Jane Austen: A Life

Jane Austen: A Life

Moving to Bath and Southampton

In 1801, when Jane was 25, her father retired and moved with his wife and two daughters to Bath. After spending the majority of her life in rural Hampshire, this removal was a great upheaval and a dramatic change of lifestyle for Jane. In Bath, once a stylish spa town but by then past its fashionable best, she attended balls and concerts, and visited the Pump Room and the Theatre Royal. Over the next few years the family also took holidays to Devon and Dorset, where Jane enjoyed coastal walks and sea bathing.

In 1805, Rev Austen died suddenly, leaving his wife and two daughters with a much reduced income. They were forced to rent smaller and less comfortable lodgings, and the following year they moved to Southampton, where they lived with their friend Martha Lloyd and with their brother Frank’s new wife, Mary, whilst Frank himself was away at sea. Money was tight, and the ladies stretched a small income as far as they could.

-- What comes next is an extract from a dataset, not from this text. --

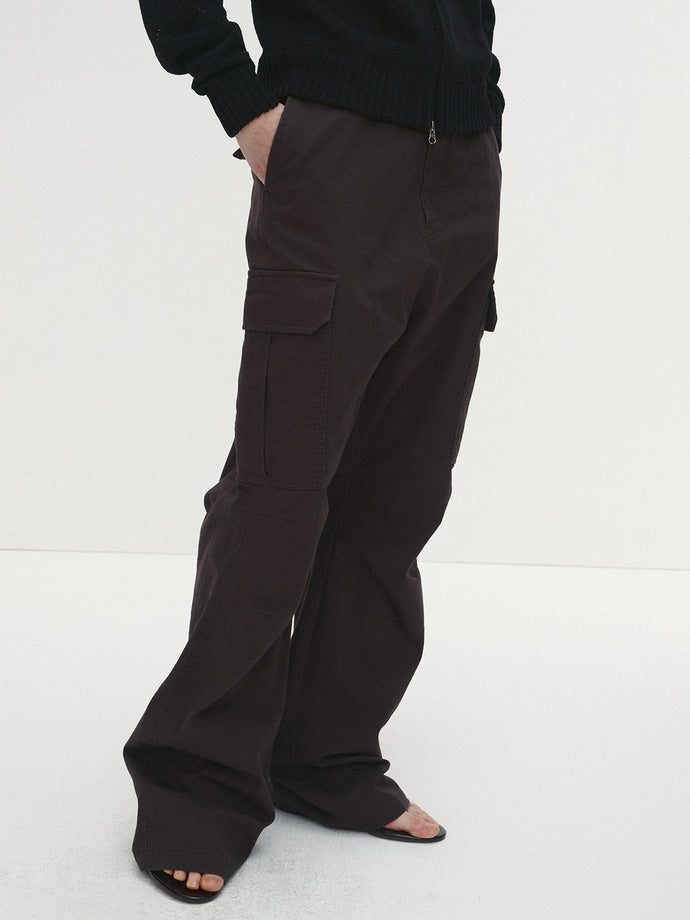 Tonywack - Washed Cotton Loose Flared Cargo Pants (Ebony) product image 3 | TRAB K-Fashion Australia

The eight years they spent in Bath and Southampton, or on long visits to relatives, were an unsettled time, reflected in Jane’s productivity as a writer. Whilst living in Steventon she had completed first drafts of Elinor and Marianne, First Impressions and Susan (later to be published as Sense and Sensibility, Pride and Prejudice and Northanger Abbey respectively); whilst living in Bath she seems only to have worked on The Watsons, a work that she left unfinished. There are many theories to account for this – that she was pining for the countryside, saddened at the loss of her childhood home, hated city life and had no space to write in their relatively cramped lodgings and no time in the busy whirl of her new social life. On the other hand, The Watsons, though unfinished, is one of Austen’s most interesting fictional experiments, introducing a new note of bleak social realism into her writing. Very few of her letters from this period survive, so we can only speculate as to whether the challenges of life at this time stalled her writing or ultimately improved it.